Activity: Restate the data below word for word, omitting pictures.

Given material:

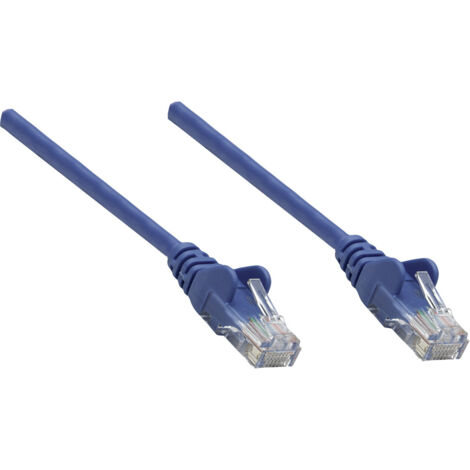 Intellinet 739832 RJ45 Netzwerkkabel, Patchkabel CAT 6 S/FTP 0.25 m Blau Folienschirm, Geflechtschir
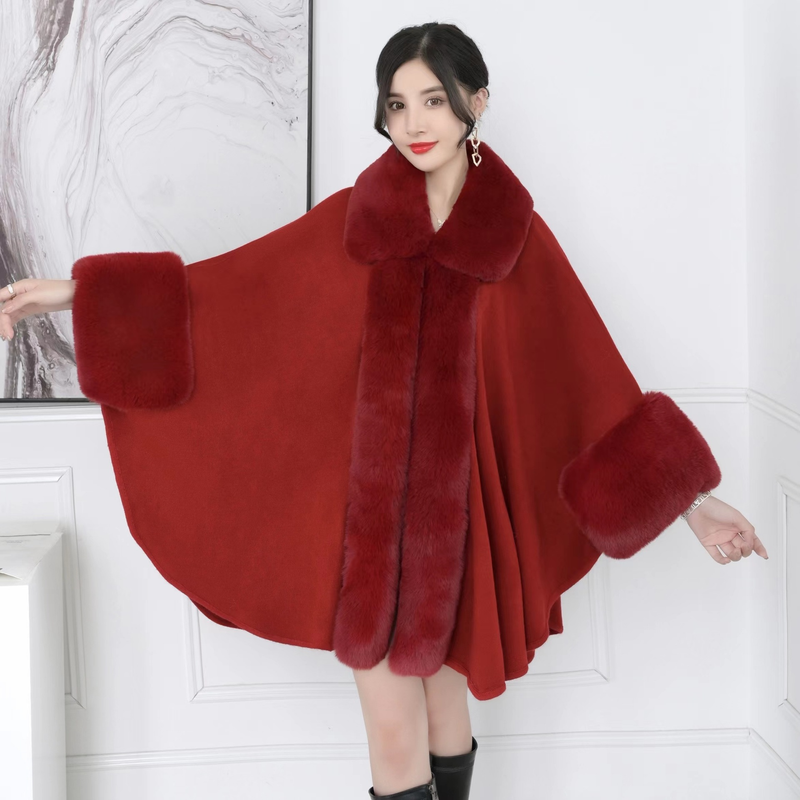 Mantella con collo in pelliccia, grande taglia, cardigan lavorato a maglia, cappotto largo da donna_voghion.com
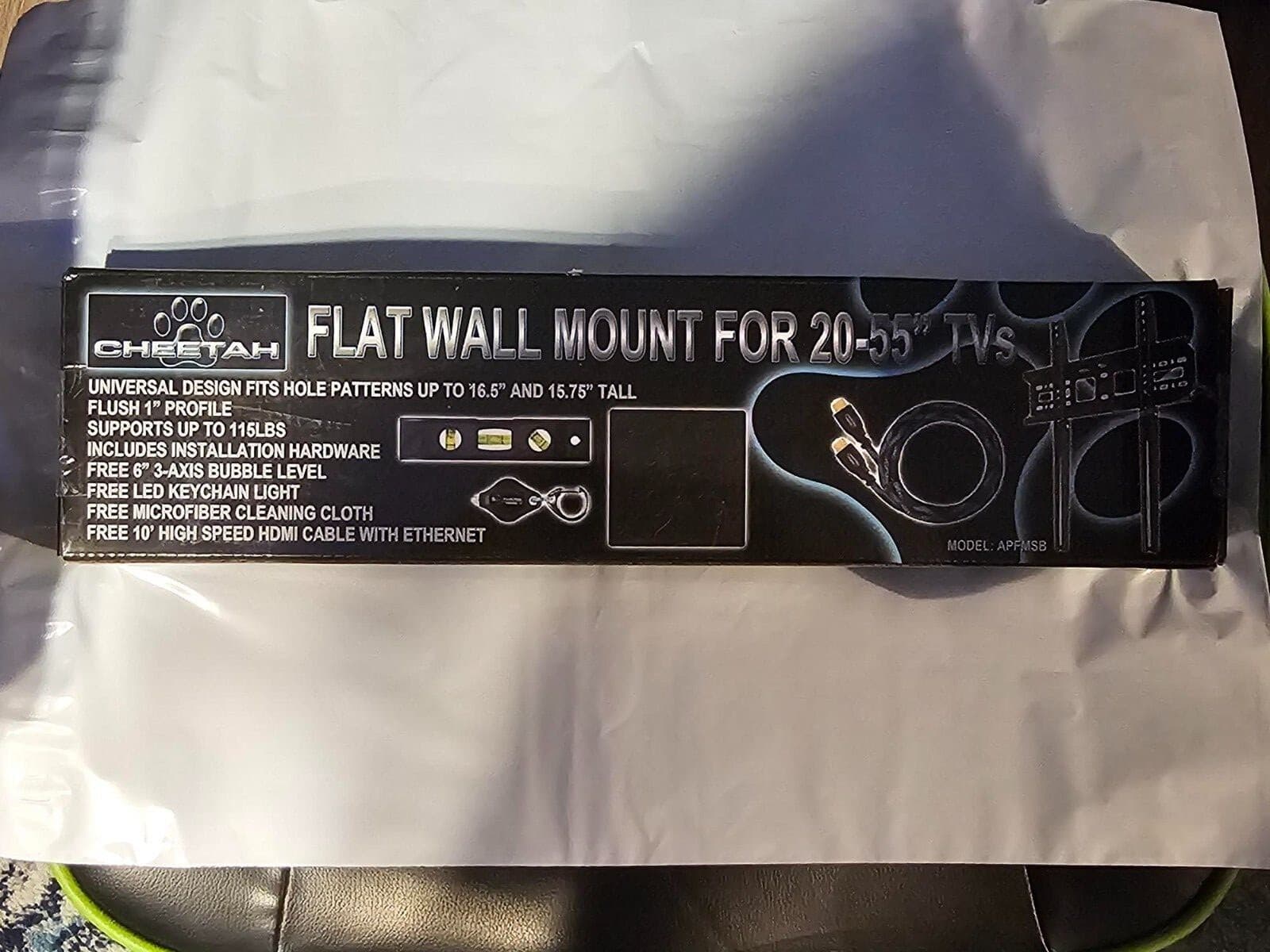 Cheetah APFMSB Flush 1" Flat Wall Mount Bracket for 20-55" TVs NEW - Image 1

Response to this task:
 Intellinet 739832 RJ45 Netzwerkkabel, Patchkabel CAT 6 S/FTP 0.25 m Blau Folienschirm, Geflechtschir
 Mantella con collo in pelliccia, grande taglia, cardigan lavorato a maglia, cappotto largo da donna_voghion.com
 Cheetah APFMSB Flush 1" Flat Wall Mount Bracket for 20-55" TVs NEW - Image 1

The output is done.